[Extracted data entries]
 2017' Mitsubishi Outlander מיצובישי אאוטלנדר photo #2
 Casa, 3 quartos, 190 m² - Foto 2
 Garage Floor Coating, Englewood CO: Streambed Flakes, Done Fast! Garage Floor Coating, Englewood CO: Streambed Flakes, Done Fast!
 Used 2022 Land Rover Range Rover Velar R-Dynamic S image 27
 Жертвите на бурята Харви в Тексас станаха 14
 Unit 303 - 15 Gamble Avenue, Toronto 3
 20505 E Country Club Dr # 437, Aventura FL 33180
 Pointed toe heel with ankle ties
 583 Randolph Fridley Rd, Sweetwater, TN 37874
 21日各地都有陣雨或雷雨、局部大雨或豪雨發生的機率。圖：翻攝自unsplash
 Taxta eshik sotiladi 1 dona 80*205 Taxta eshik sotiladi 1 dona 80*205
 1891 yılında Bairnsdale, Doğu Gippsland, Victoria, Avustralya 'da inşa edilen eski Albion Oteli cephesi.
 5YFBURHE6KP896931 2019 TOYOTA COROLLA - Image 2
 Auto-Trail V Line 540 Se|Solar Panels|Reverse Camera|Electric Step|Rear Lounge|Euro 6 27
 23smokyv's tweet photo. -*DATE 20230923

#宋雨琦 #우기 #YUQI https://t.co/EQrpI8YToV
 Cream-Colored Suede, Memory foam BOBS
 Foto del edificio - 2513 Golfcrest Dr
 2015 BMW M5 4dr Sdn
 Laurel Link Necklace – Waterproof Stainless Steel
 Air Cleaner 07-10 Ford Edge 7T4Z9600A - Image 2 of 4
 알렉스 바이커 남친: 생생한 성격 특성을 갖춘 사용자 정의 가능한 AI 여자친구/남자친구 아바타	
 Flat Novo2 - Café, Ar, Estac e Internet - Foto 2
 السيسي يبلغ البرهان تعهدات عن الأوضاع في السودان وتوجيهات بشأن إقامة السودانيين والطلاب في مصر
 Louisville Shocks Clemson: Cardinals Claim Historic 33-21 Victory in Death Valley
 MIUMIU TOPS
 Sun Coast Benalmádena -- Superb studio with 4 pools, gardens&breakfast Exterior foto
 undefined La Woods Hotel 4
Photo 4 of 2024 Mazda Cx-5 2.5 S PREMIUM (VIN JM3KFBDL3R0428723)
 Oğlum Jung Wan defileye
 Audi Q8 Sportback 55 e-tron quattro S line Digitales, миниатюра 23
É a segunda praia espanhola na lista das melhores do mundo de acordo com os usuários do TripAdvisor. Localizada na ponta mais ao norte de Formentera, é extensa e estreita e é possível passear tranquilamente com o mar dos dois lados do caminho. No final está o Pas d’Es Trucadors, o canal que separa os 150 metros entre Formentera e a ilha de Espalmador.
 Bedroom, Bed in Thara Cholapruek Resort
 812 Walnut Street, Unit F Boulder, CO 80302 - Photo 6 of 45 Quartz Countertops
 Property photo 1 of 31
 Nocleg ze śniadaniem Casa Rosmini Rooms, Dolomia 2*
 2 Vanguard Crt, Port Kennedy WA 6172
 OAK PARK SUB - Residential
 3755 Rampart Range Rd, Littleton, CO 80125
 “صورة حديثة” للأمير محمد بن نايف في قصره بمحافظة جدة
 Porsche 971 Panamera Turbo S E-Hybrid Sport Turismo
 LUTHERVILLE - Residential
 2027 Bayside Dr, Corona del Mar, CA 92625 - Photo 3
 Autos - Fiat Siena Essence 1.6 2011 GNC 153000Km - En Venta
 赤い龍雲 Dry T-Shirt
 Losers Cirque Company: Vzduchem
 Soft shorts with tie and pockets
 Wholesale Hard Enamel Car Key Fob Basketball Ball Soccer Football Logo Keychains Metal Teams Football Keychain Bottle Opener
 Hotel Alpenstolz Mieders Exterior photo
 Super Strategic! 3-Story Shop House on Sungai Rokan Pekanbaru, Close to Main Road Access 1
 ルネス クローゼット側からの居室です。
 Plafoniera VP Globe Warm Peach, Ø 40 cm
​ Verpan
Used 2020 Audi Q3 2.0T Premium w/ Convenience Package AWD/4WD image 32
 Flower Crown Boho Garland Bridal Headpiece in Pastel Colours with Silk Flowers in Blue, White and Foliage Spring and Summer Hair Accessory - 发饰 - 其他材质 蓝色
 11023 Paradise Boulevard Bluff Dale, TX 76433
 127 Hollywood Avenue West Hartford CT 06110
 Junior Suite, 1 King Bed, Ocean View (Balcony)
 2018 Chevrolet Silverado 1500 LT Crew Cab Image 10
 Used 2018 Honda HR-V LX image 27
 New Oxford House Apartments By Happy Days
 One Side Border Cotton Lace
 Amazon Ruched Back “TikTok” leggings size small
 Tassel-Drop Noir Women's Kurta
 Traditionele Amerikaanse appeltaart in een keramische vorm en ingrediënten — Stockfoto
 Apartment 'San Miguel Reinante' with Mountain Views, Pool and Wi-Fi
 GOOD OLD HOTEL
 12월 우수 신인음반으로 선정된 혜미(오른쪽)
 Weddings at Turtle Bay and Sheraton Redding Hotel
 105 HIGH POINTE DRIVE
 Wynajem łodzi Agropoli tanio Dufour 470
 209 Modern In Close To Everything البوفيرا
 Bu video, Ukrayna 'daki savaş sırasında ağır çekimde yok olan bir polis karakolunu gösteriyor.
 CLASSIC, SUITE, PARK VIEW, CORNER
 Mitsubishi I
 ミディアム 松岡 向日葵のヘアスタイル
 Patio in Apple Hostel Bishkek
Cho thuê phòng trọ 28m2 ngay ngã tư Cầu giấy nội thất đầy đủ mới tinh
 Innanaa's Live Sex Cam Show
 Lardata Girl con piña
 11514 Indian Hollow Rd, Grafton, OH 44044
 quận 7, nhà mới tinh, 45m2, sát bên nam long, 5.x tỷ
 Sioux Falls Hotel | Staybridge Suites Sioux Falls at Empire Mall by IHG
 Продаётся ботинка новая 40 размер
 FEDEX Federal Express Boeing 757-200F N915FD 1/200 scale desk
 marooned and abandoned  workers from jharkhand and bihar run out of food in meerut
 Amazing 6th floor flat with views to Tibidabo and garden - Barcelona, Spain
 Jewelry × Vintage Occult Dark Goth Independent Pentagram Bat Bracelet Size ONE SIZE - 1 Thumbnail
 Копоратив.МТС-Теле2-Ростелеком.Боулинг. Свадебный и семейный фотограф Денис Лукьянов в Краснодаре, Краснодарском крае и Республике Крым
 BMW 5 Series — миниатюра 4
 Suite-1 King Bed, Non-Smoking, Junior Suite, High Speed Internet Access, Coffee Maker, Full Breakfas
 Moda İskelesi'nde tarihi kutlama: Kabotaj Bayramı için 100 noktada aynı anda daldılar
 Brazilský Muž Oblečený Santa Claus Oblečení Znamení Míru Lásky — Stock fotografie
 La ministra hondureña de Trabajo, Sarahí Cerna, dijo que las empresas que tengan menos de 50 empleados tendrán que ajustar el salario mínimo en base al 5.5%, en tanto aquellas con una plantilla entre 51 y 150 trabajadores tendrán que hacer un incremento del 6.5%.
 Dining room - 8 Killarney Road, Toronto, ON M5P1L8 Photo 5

*EXERCISE DIRECTIONS*: Every entry, from first to last, should be written out exactly.

*OUTPUT OF THE EXERCISE*:
 2017' Mitsubishi Outlander מיצובישי אאוטלנדר photo #2
 Casa, 3 quartos, 190 m² - Foto 2
 Garage Floor Coating, Englewood CO: Streambed Flakes, Done Fast! Garage Floor Coating, Englewood CO: Streambed Flakes, Done Fast!
 Used 2022 Land Rover Range Rover Velar R-Dynamic S image 27
 Жертвите на бурята Харви в Тексас станаха 14
 Unit 303 - 15 Gamble Avenue, Toronto 3
 20505 E Country Club Dr # 437, Aventura FL 33180
 Pointed toe heel with ankle ties
 583 Randolph Fridley Rd, Sweetwater, TN 37874
 21日各地都有陣雨或雷雨、局部大雨或豪雨發生的機率。圖：翻攝自unsplash
 Taxta eshik sotiladi 1 dona 80*205 Taxta eshik sotiladi 1 dona 80*205
 1891 yılında Bairnsdale, Doğu Gippsland, Victoria, Avustralya 'da inşa edilen eski Albion Oteli cephesi.
 5YFBURHE6KP896931 2019 TOYOTA COROLLA - Image 2
 Auto-Trail V Line 540 Se|Solar Panels|Reverse Camera|Electric Step|Rear Lounge|Euro 6 27
 23smokyv's tweet photo. -*DATE 20230923

#宋雨琦 #우기 #YUQI https://t.co/EQrpI8YToV
 Cream-Colored Suede, Memory foam BOBS
 Foto del edificio - 2513 Golfcrest Dr
 2015 BMW M5 4dr Sdn
 Laurel Link Necklace – Waterproof Stainless Steel
 Air Cleaner 07-10 Ford Edge 7T4Z9600A - Image 2 of 4
 알렉스 바이커 남친: 생생한 성격 특성을 갖춘 사용자 정의 가능한 AI 여자친구/남자친구 아바타	
 Flat Novo2 - Café, Ar, Estac e Internet - Foto 2
 السيسي يبلغ البرهان تعهدات عن الأوضاع في السودان وتوجيهات بشأن إقامة السودانيين والطلاب في مصر
 Louisville Shocks Clemson: Cardinals Claim Historic 33-21 Victory in Death Valley
 MIUMIU TOPS
 Sun Coast Benalmádena -- Superb studio with 4 pools, gardens&breakfast Exterior foto
 undefined La Woods Hotel 4
Photo 4 of 2024 Mazda Cx-5 2.5 S PREMIUM (VIN JM3KFBDL3R0428723)
 Oğlum Jung Wan defileye
 Audi Q8 Sportback 55 e-tron quattro S line Digitales, миниатюра 23
É a segunda praia espanhola na lista das melhores do mundo de acordo com os usuários do TripAdvisor. Localizada na ponta mais ao norte de Formentera, é extensa e estreita e é possível passear tranquilamente com o mar dos dois lados do caminho. No final está o Pas d’Es Trucadors, o canal que separa os 150 metros entre Formentera e a ilha de Espalmador.
 Bedroom, Bed in Thara Cholapruek Resort
 812 Walnut Street, Unit F Boulder, CO 80302 - Photo 6 of 45 Quartz Countertops
 Property photo 1 of 31
 Nocleg ze śniadaniem Casa Rosmini Rooms, Dolomia 2*
 2 Vanguard Crt, Port Kennedy WA 6172
 OAK PARK SUB - Residential
 3755 Rampart Range Rd, Littleton, CO 80125
 “صورة حديثة” للأمير محمد بن نايف في قصره بمحافظة جدة
 Porsche 971 Panamera Turbo S E-Hybrid Sport Turismo
 LUTHERVILLE - Residential
 2027 Bayside Dr, Corona del Mar, CA 92625 - Photo 3
 Autos - Fiat Siena Essence 1.6 2011 GNC 153000Km - En Venta
 赤い龍雲 Dry T-Shirt
 Losers Cirque Company: Vzduchem
 Soft shorts with tie and pockets
 Wholesale Hard Enamel Car Key Fob Basketball Ball Soccer Football Logo Keychains Metal Teams Football Keychain Bottle Opener
 Hotel Alpenstolz Mieders Exterior photo
 Super Strategic! 3-Story Shop House on Sungai Rokan Pekanbaru, Close to Main Road Access 1
 ルネス クローゼット側からの居室です。
 Plafoniera VP Globe Warm Peach, Ø 40 cm
​ Verpan
Used 2020 Audi Q3 2.0T Premium w/ Convenience Package AWD/4WD image 32
 Flower Crown Boho Garland Bridal Headpiece in Pastel Colours with Silk Flowers in Blue, White and Foliage Spring and Summer Hair Accessory - 发饰 - 其他材质 蓝色
 11023 Paradise Boulevard Bluff Dale, TX 76433
 127 Hollywood Avenue West Hartford CT 06110
 Junior Suite, 1 King Bed, Ocean View (Balcony)
 2018 Chevrolet Silverado 1500 LT Crew Cab Image 10
 Used 2018 Honda HR-V LX image 27
 New Oxford House Apartments By Happy Days
 One Side Border Cotton Lace
 Amazon Ruched Back “TikTok” leggings size small
 Tassel-Drop Noir Women's Kurta
 Traditionele Amerikaanse appeltaart in een keramische vorm en ingrediënten — Stockfoto
 Apartment 'San Miguel Reinante' with Mountain Views, Pool and Wi-Fi
 GOOD OLD HOTEL
 12월 우수 신인음반으로 선정된 혜미(오른쪽)
 Weddings at Turtle Bay and Sheraton Redding Hotel
 105 HIGH POINTE DRIVE
 Wynajem łodzi Agropoli tanio Dufour 470
 209 Modern In Close To Everything البوفيرا
 Bu video, Ukrayna 'daki savaş sırasında ağır çekimde yok olan bir polis karakolunu gösteriyor.
 CLASSIC, SUITE, PARK VIEW, CORNER
 Mitsubishi I
 ミディアム 松岡 向日葵のヘアスタイル
 Patio in Apple Hostel Bishkek
Cho thuê phòng trọ 28m2 ngay ngã tư Cầu giấy nội thất đầy đủ mới tinh
 Innanaa's Live Sex Cam Show
 Lardata Girl con piña
 11514 Indian Hollow Rd, Grafton, OH 44044
 quận 7, nhà mới tinh, 45m2, sát bên nam long, 5.x tỷ
 Sioux Falls Hotel | Staybridge Suites Sioux Falls at Empire Mall by IHG
 Продаётся ботинка новая 40 размер
 FEDEX Federal Express Boeing 757-200F N915FD 1/200 scale desk
 marooned and abandoned  workers from jharkhand and bihar run out of food in meerut
 Amazing 6th floor flat with views to Tibidabo and garden - Barcelona, Spain
 Jewelry × Vintage Occult Dark Goth Independent Pentagram Bat Bracelet Size ONE SIZE - 1 Thumbnail
 Копоратив.МТС-Теле2-Ростелеком.Боулинг. Свадебный и семейный фотограф Денис Лукьянов в Краснодаре, Краснодарском крае и Республике Крым
 BMW 5 Series — миниатюра 4
 Suite-1 King Bed, Non-Smoking, Junior Suite, High Speed Internet Access, Coffee Maker, Full Breakfas
 Moda İskelesi'nde tarihi kutlama: Kabotaj Bayramı için 100 noktada aynı anda daldılar
 Brazilský Muž Oblečený Santa Claus Oblečení Znamení Míru Lásky — Stock fotografie
 La ministra hondureña de Trabajo, Sarahí Cerna, dijo que las empresas que tengan menos de 50 empleados tendrán que ajustar el salario mínimo en base al 5.5%, en tanto aquellas con una plantilla entre 51 y 150 trabajadores tendrán que hacer un incremento del 6.5%.
 Dining room - 8 Killarney Road, Toronto, ON M5P1L8 Photo 5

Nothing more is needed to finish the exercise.